__WHAT IS EXPECTED__. What follows is a set of records. Copy them exactly and leave out the images.

__STUDY MATERIAL__.
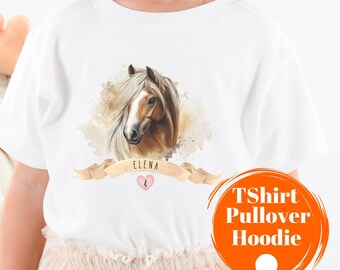 Children's Horse T-Shirt, Birthday Child's Name and Number, Birthday Shirt 3 4 5 6 7 8, Horse Sweater, Girls' Long-Sleeved Birthday Shirt, Pony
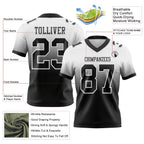 Custom White Black Authentic Fade Fashion Football Jersey photo 2
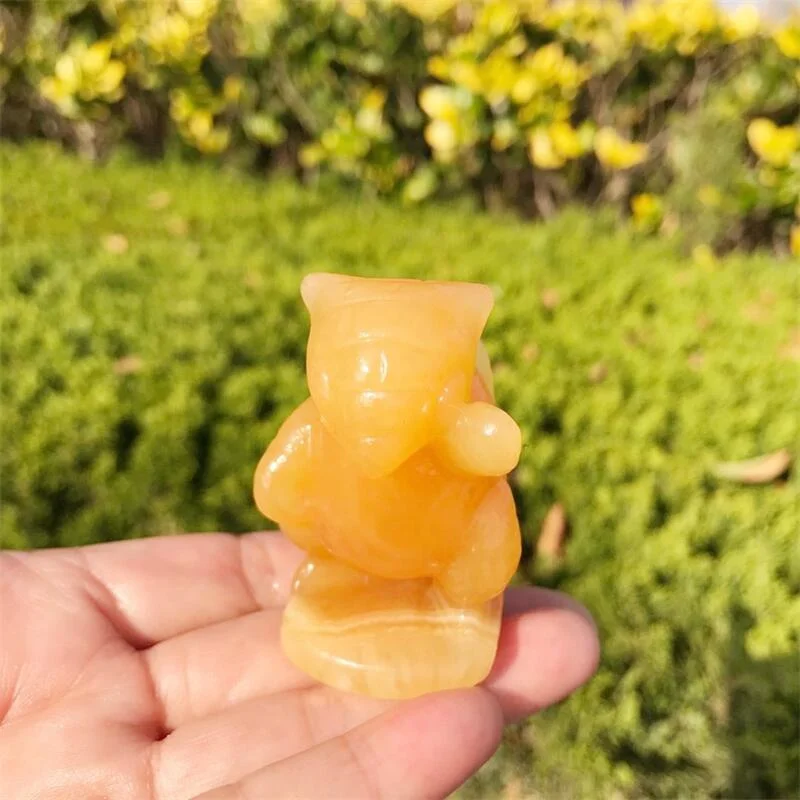 5.6CM Natural Yellow Calcite Carved Statue Office Home Decor Healing Crystal Decor Creative Christmas Gifts For Kids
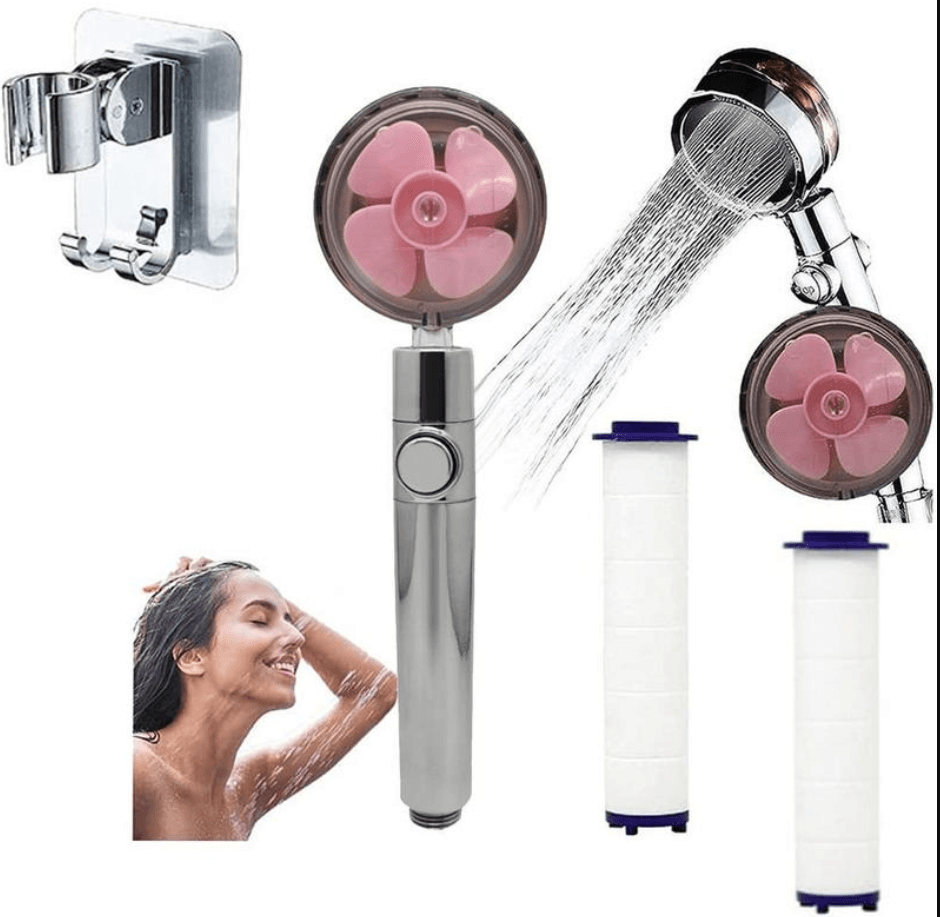 Propeller Driven Shower Head With Stop Button And Cotton Filter Turbocharged High Pressure Handheld Shower Nozzle - Mubimart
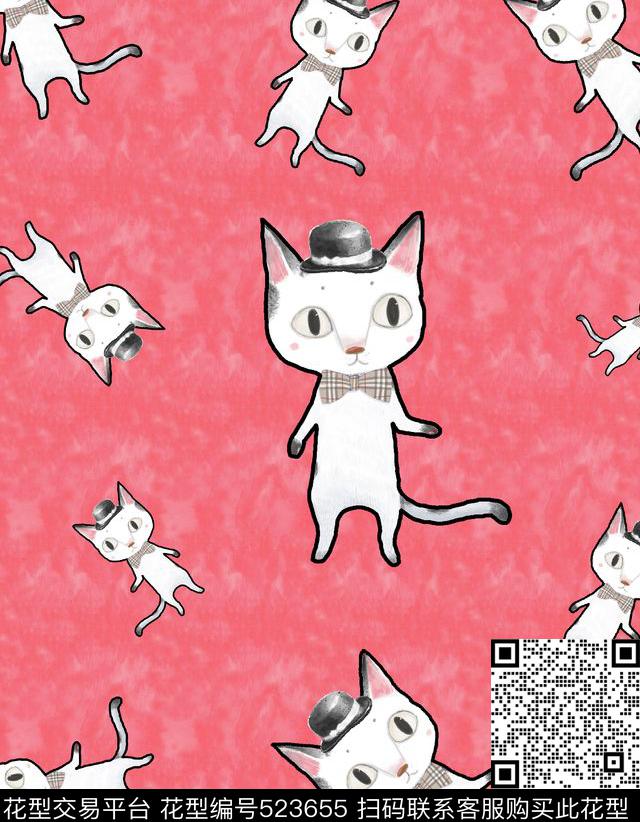 卡通流行猫传统印花华亿平台下载（图片编号: 523655） - 瓦栏（Walan）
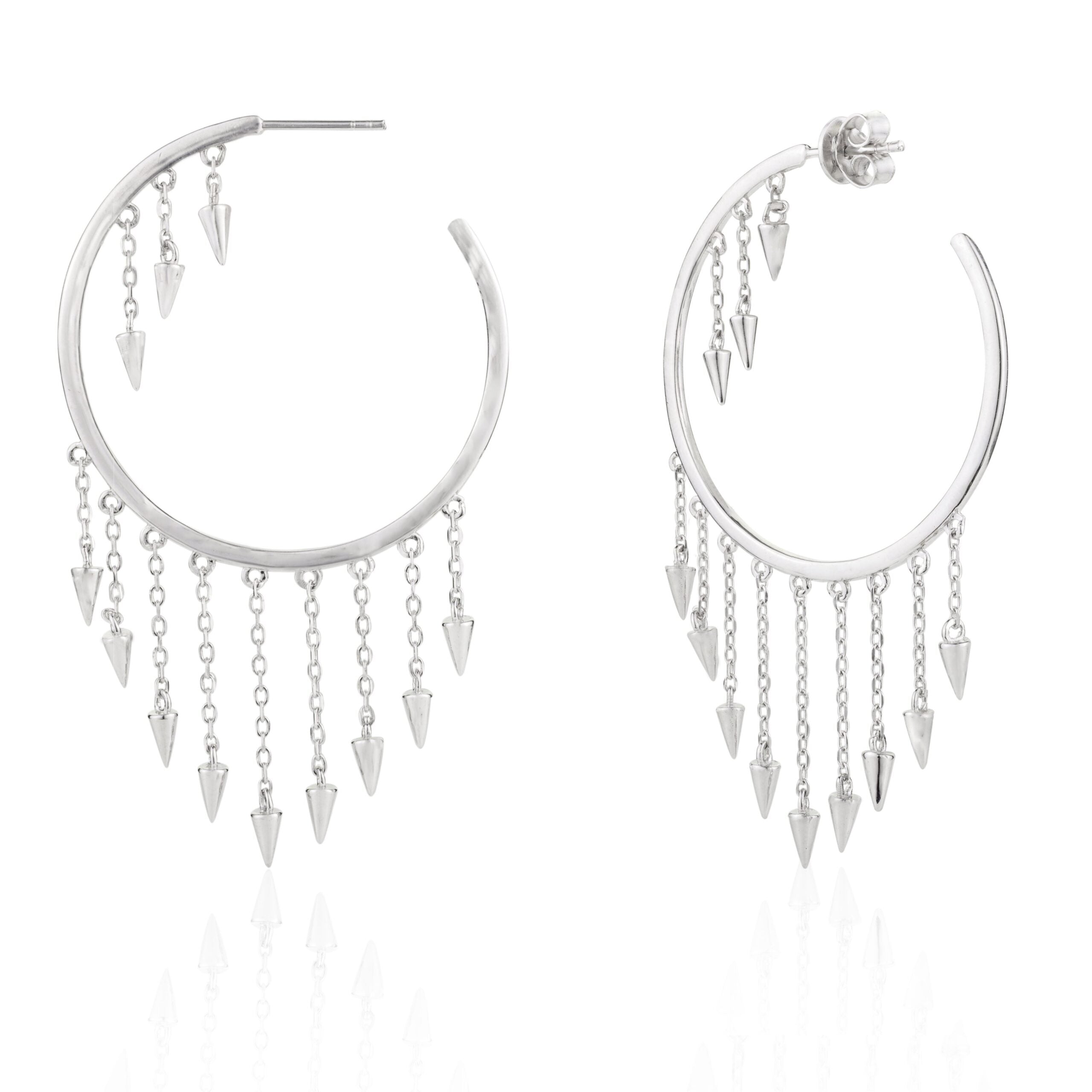 Spike Charm Open Hoops Thread Chain Fringe Earrings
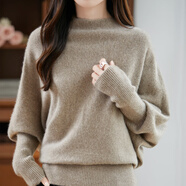 kangnai慵懶風(fēng)羊毛一字領(lǐng)針織衫長(cháng)袖毛衣外套新款寬松蝙蝠袖女上衣 高雅駝 L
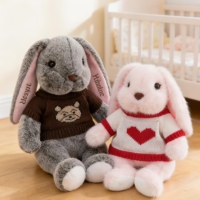 Peluche personnalisée avec le nom brodé, lapin de Pâques, animal en peluche personnalisé, cadeau de Pâques pour les enfants
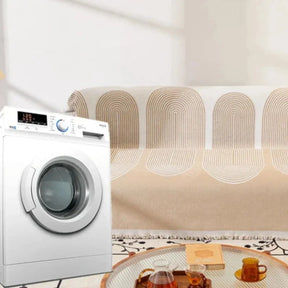 Manta de Sofá Linho Misto Estilo Escandinavo Bege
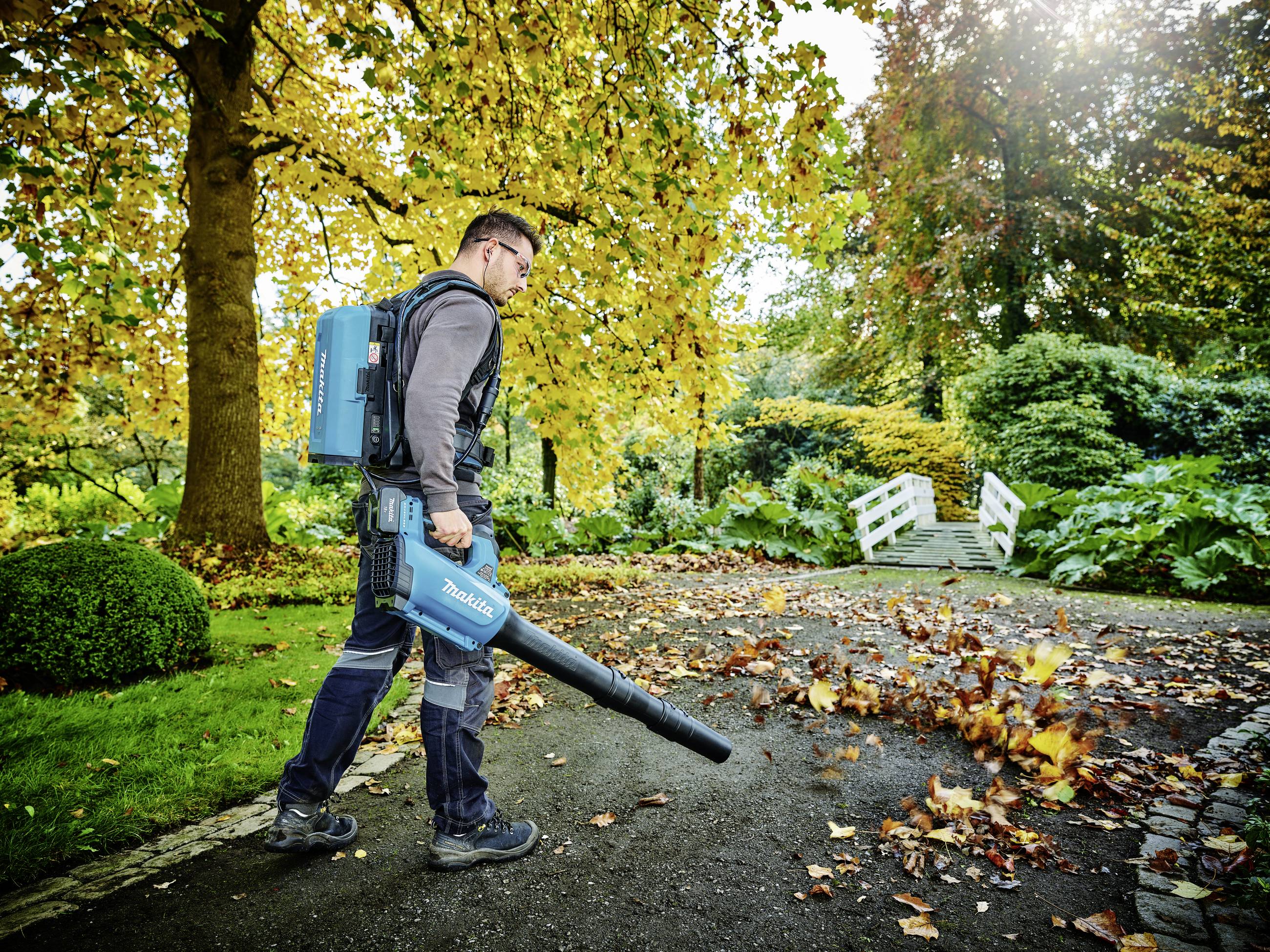 Ein Mann benutzt einen Laubbläser in einem herbstlichen Garten. Laub wird von einem Gehweg weggeblasen. Im Hintergrund sind Bäume und Sträucher.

__RESPONSE__.
 Children's Horse T-Shirt, Birthday Child's Name and Number, Birthday Shirt 3 4 5 6 7 8, Horse Sweater, Girls' Long-Sleeved Birthday Shirt, Pony
 Custom White Black Authentic Fade Fashion Football Jersey photo 2
 5.6CM Natural Yellow Calcite Carved Statue Office Home Decor Healing Crystal Decor Creative Christmas Gifts For Kids
 Propeller Driven Shower Head With Stop Button And Cotton Filter Turbocharged High Pressure Handheld Shower Nozzle - Mubimart
 卡通流行猫传统印花华亿平台下载（图片编号: 523655） - 瓦栏（Walan）
 Spike Charm Open Hoops Thread Chain Fringe Earrings
 kangnai慵懶風(fēng)羊毛一字領(lǐng)針織衫長(cháng)袖毛衣外套新款寬松蝙蝠袖女上衣 高雅駝 L
 Peluche personnalisée avec le nom brodé, lapin de Pâques, animal en peluche personnalisé, cadeau de Pâques pour les enfants
 Manta de Sofá Linho Misto Estilo Escandinavo Bege
 Ein Mann benutzt einen Laubbläser in einem herbstlichen Garten. Laub wird von einem Gehweg weggeblasen. Im Hintergrund sind Bäume und Sträucher.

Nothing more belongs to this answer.